GNL
New Contributor
5 years agoDevCloud: OneAPI vector-add example parallel execution is much slower than the scalar one
Hello,
I tried the BaseKit-code-samples/DPC++Compiler/vector-add example as suggested in the DeveloperZone get started page:
https://devcloud.intel.com/oneapi/get-started/base-toolkit/
I measured the execution time of add_arrays_scalar() and add_arrays_parallel() functions with my RTM_START() and RTM_STOP() macros.
double getCPUFreq() {
#define BUFLEN 110
FILE* sysinfo;
char* ptr;
char buf[BUFLEN];
char key[] = "cpu MHz";
int keylen = sizeof(key) - 1;
double freq = -1;
sysinfo = fopen("/proc/cpuinfo", "r");
if (sysinfo != NULL) {
while (fgets(buf, BUFLEN, sysinfo) != NULL) {
if (!strncmp(buf, key, keylen)) {
ptr = strstr(buf, ":");
freq = atof(ptr + 1) * 1000000;
break;
}
}
fclose(sysinfo);
}
fprintf(stderr, "Freq = %f GHz\n", freq / 1000000000);
return freq;
}
#define RTM_START() start = (double)_rdtsc()
#define RTM_STOP() stop = (double)_rdtsc(); \
secs = ((double)(stop - start)) / (double)getCPUFreq();and my main function, where I took the measurements:
int main() {
double start = 0.0, stop = 0.0, secs = 0.0;
IntArray addend_1, addend_2, sum_scalar, sum_parallel;
// Initialize arrays with values from 0 to array_size-1
initialize_array(addend_1);
initialize_array(addend_2);
initialize_array(sum_scalar);
initialize_array(sum_parallel);
printf("CPU Freq = %10.2lf\n", (double)getCPUFreq());
start = (double)_rdtsc();
// Add arrays in scalar and in parallel
add_arrays_scalar(sum_scalar, addend_1, addend_2);
stop = (double)_rdtsc();
secs = ((double)(stop - start)) / (double)getCPUFreq();
printf("Scalar execution time = %2.6lf seconds\n", secs);
add_arrays_parallel(sum_parallel, addend_1, addend_2);
// Verify that the two sum arrays are equal
for (size_t i = 0; i < sum_parallel.size(); i++) {
if (sum_parallel[i] != sum_scalar[i]) {
std::cout << "fail" << std::endl;
return -1;
}
}
std::cout << "success" << std::endl;
std::cout << "MGUNAL TEST 5 DONE" << std::endl;
return 0;
}And finally my results:
########################################################################
# Date: Wed Mar 11 06:14:01 PDT 2020
# Job ID: 542630.v-qsvr-1.aidevcloud
# User: u38134
# Resources: neednodes=1:gpu:ppn=2,nodes=1:gpu:ppn=2,walltime=06:00:00
########################################################################
:: setvars has already been run.
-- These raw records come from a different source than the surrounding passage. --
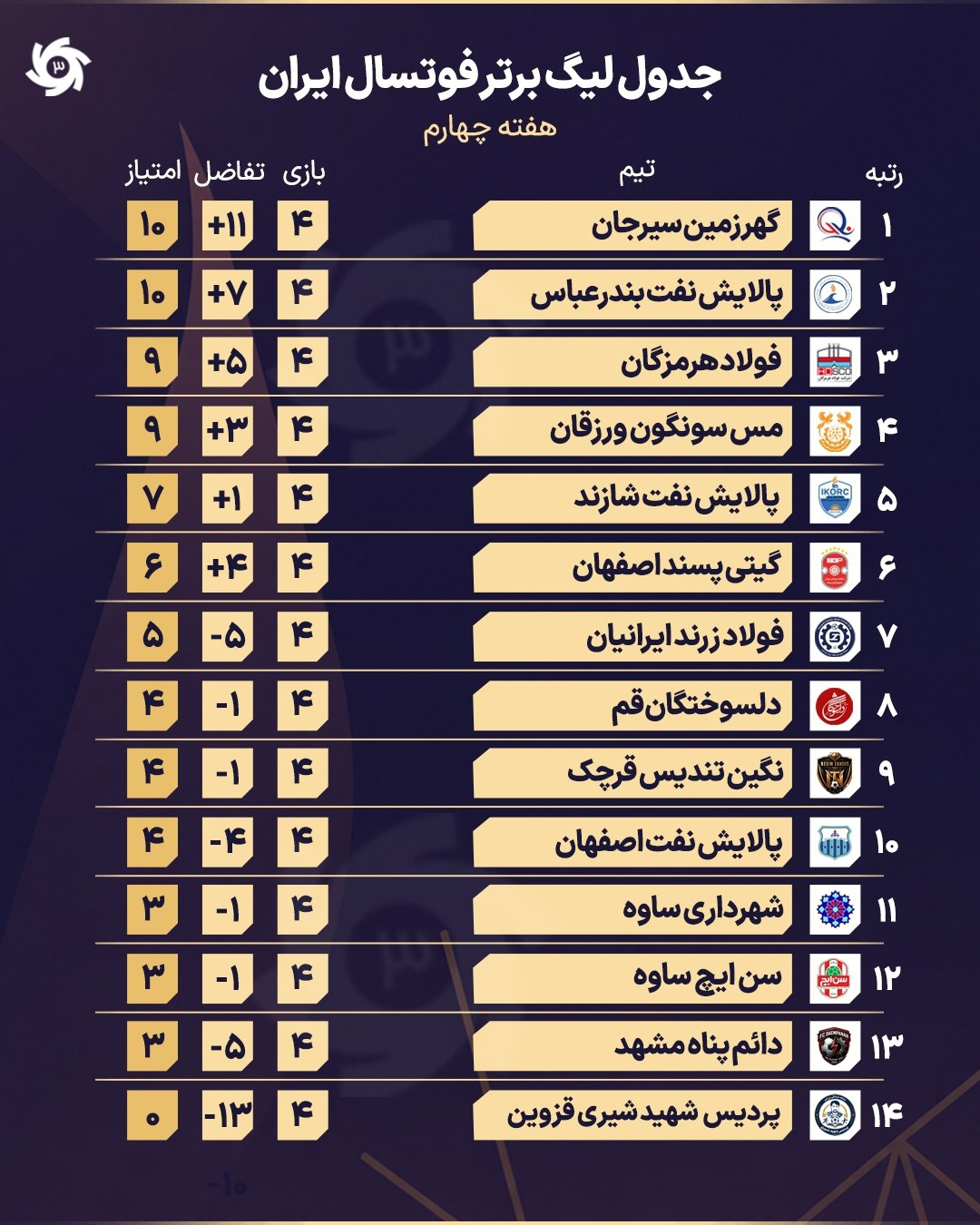 عصر کرد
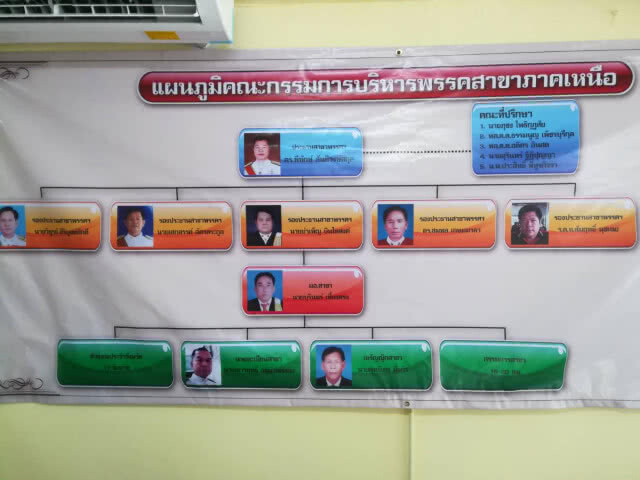 "เสรีพิศุทธ์"ประชุมว่าที่สมัครส.ส.ภาคเหนือพรรคเสรีรวมไทย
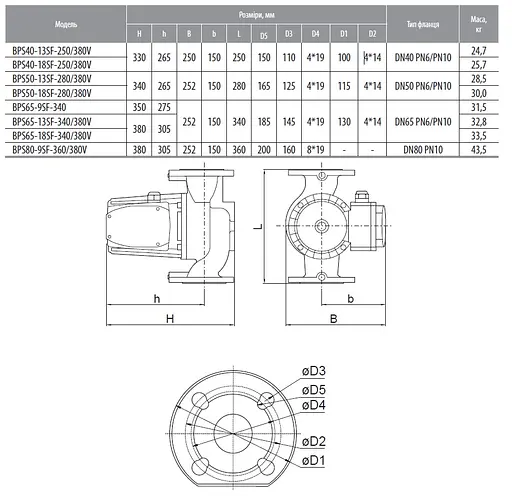 Циркуляционный насос NPO BPS40-13SF-250/380V - фото 2
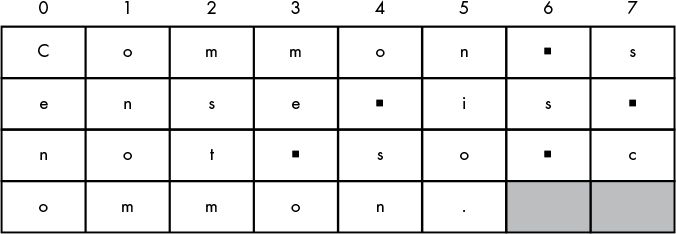 Images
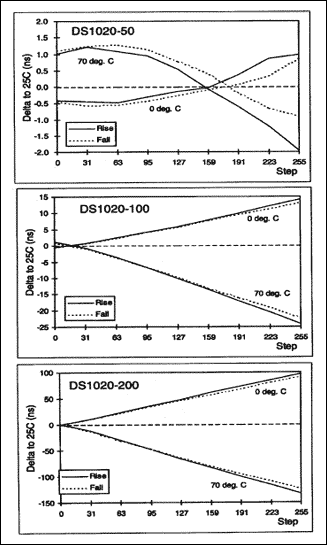 Figure 15. Peak-to-peak jitter (falling edge).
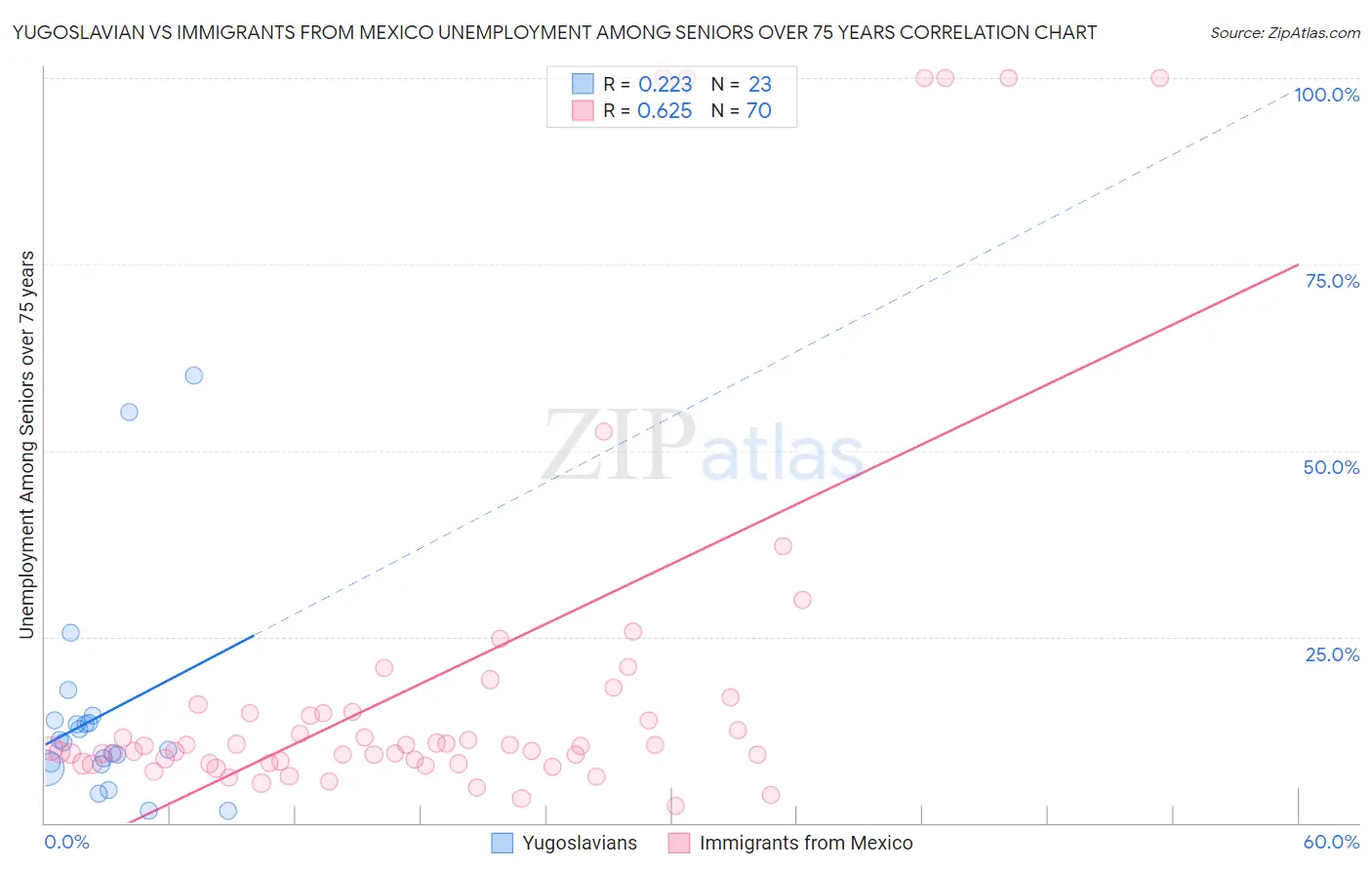 Yugoslavian vs Immigrants from Mexico Unemployment Among Seniors over 75 years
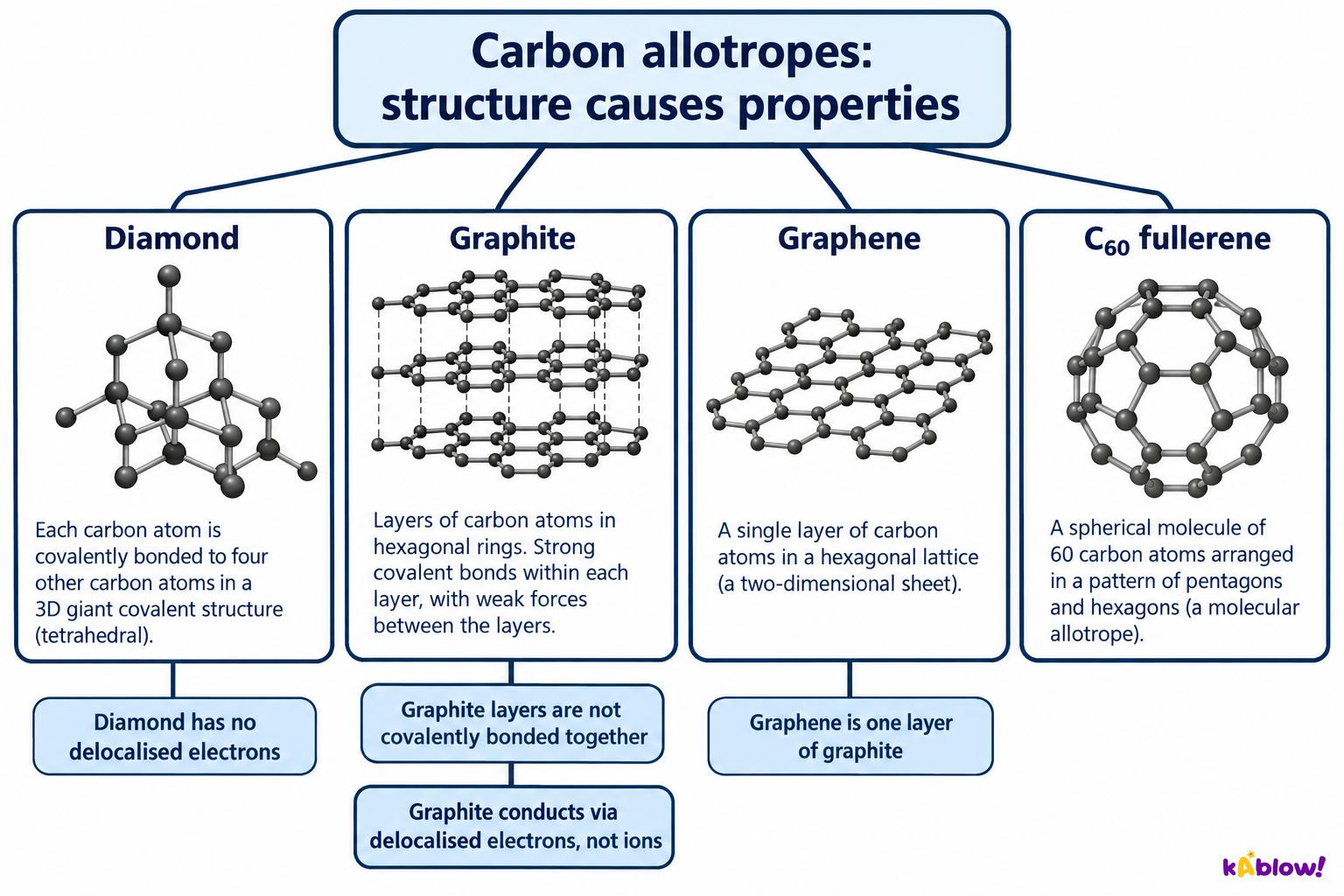 Carbon allotropes: common misconceptions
Skipping any further invocation. To force its re-execution, pass --force
./vector-add
CPU Freq = 954182000.00
Scalar execution time = 0.000085 seconds
Device: Intel(R) Gen9 HD Graphics NEO
Parallel execution time = 3.516770 seconds
success
MGUNAL TEST 5 DONE
########################################################################
# End of output for job 542630.v-qsvr-1.aidevcloud
# Date: Wed Mar 11 06:14:03 PDT 2020
########################################################################As seen above, parallel execution time is much more greater than the scaler execution time. So, I decided to use a SYCL host device instead of an accelerator.
/*
// FPGA device selector: Emulator or Hardware
#ifdef FPGA_EMULATOR
intel::fpga_emulator_selector device_selector;
#elif defined(FPGA)
intel::fpga_selector device_selector;
#else
// Initializing the devices queue with the default selector
// The device queue is used to enqueue the kernels and encapsulates
// all the states needed for execution
default_selector device_selector;
#endif
*/
host_selector device_selector;Parallel execution is still significantly slower than the scaler one..
########################################################################
# Date: Thu Mar 12 00:34:12 PDT 2020
# Job ID: 542971.v-qsvr-1.aidevcloud
# User: u38134
# Resources: neednodes=1:gpu:ppn=2,nodes=1:gpu:ppn=2,walltime=06:00:00
########################################################################
:: setvars has already been run. Skipping any further invocation. To force its re-execution, pass --force
./vector-add
CPU Freq = 1000065000.00
Scalar execution time = 0.000077 seconds
Device: SYCL host device
Parallel execution time = 0.318517 seconds
success
########################################################################
# End of output for job 542971.v-qsvr-1.aidevcloud
# Date: Thu Mar 12 00:34:14 PDT 2020
########################################################################I have no idea why the parallel execution takes so long? Am I doing something wrong?